Wow, that looks great.  Glad to hear you are having such good results with the Cod.


----------



## cherr (Feb 5, 2015)

webby3650 said:


> I'm glad it's working good for you. How long have you had it? I'm assuming this is still the first season for you? I see now you said August 2014. We'd love to see a picture of it!


Yes, first season, and getting acquainted pretty well. I have already made a change for the next cords of wood I cut, in that I will make them about 22" instead of 15 or so. I cut and split (with a maul) all of the wood before we even had the stove and never really considered it. But, it will be less work, and fill the firebox much better. Picture posted on previous reply.


----------



## cherr (Feb 5, 2015)

begreen said:


> Beautiful looking hearth and install there. It looks great.


Thank you!


----------



## firefighterjake (Feb 6, 2015)

Wow . . . very nice looking hearth Cherr.


----------



## webby3650 (Feb 6, 2015)

cherr said:


> Yes, first season, and getting acquainted pretty well. I have already made a change for the next cords of wood I cut, in that I will make them about 22" instead of 15 or so. I cut and split (with a maul) all of the wood before we even had the stove and never really considered it. But, it will be less work, and fill the firebox much better. Picture posted on previous reply.


The design of the door and firebox make it kinda hard to load it full. To see its potential you will need that 22" wood. I actually cut a bunch of my 24" wood down to 12" and loaded straight in the door. I was able to get 4 24" logs in loaded east/west, I got the equivalent of 6 with 12" pieces. It was a pain to handle 12" logs though.


----------



## cherr (Feb 6, 2015)

webby3650 said:


> The design of the door and firebox make it kinda hard to load it full. To see its potential you will need that 22" wood. I actually cut a bunch of my 24" wood down to 12" and loaded straight in the door. I was able to get 4 24" logs in loaded east/west, I got the equivalent of 6 with 12" pieces. It was a pain to handle 12" logs though.


Hmmm...never considered that, but I can see how that may work. I am trying to reduce the amount of splitting I have to do, so this next batch will be 22". I am pretty sure a 24" piece would fit, but don't want to shoe-horn it in. I have a pretty even mix of Alder (which splits so nice!), Fir, and Hemlock. We also have some trees called "Bitter Cherry" that appears to be a hardwood and burns really well, but requires more effort than I want to expend on splitting with a maul, so I leave it in the round.


----------



## cherr (Feb 6, 2015)

firefighterjake said:


> Wow . . . very nice looking hearth Cherr.


Thanks Firefighterjake


----------



## cherr (Feb 9, 2015)

webby3650 said:


> The design of the door and firebox make it kinda hard to load it full. To see its potential you will need that 22" wood. I actually cut a bunch of my 24" wood down to 12" and loaded straight in the door. I was able to get 4 24" logs in loaded east/west, I got the equivalent of 6 with 12" pieces. It was a pain to handle 12" logs though.

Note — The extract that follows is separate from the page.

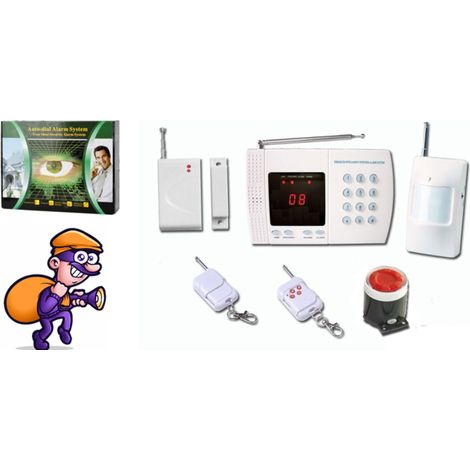 TrAdE Shop Traesio - Kit Allarme Antifurto Casa Ufficio Centralina Wireless Digitale Display Telefono - (1/2)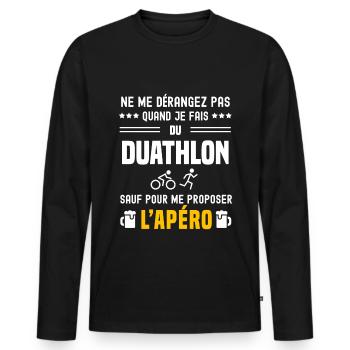 duathlon duathléte ne dérangez pas sauf apéro - T-shirt manches longues Premium bio Homme - noir - Devant - Nico (187cm)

Good Morning. I tried the smaller log size, and it worked out quite well! However, I think in the interest of a little less splitting the 22" pieces will be the norm. I will segregate out "log ends" out in the woodshed that are about 12" to utilize your method. Thanks for the tip!


----------



## Parallax (Feb 9, 2015)

Beautiful looking stove. The fire show is amazing. Thought about the Cod but went with something else. Glad it's working out.


----------



## cherr (Feb 10, 2015)

Parallax said:


> Beautiful looking stove. The fire show is amazing. Thought about the Cod but went with something else. Glad it's working out.


Nice looking stove! We had thought about getting the porcelain coated version, similar to the color on your stove, but we went for the plain version. In our previous home we had a Quadra-Fire Voyageur Grand insert that was porcelain, and it sure looked great. Worked extremely well with the built in fan an auto-off feature, but not so convenient to clean out as the free standing unit we have now.


----------



## Highbeam (Feb 10, 2015)

cherr said:


> Nice looking stove! We had thought about getting the porcelain coated version, similar to the color on your stove, but we went for the plain version. In our previous home we had a Quadra-Fire Voyageur Grand insert that was porcelain, and it sure looked great. Worked extremely well with the built in fan an auto-off feature, but not so convenient to clean out as the free standing unit we have now.



Welcome fellow Washingtonian. I grew up just down the road in Silverdale. Up until a few years ago we would make regular trips to Sequim to eat at the Oak Table Café.

I really like your hearth. The stonework looks great. I've been setting tile all week and would love to rebuild my hearth to match yours someday.


----------



## cherr (Feb 11, 2015)

Highbeam said:


> Welcome fellow Washingtonian. I grew up just down the road in Silverdale. Up until a few years ago we would make regular trips to Sequim to eat at the Oak Table Café.
> 
> I really like your hearth. The stonework looks great. I've been setting tile all week and would love to rebuild my hearth to match yours someday.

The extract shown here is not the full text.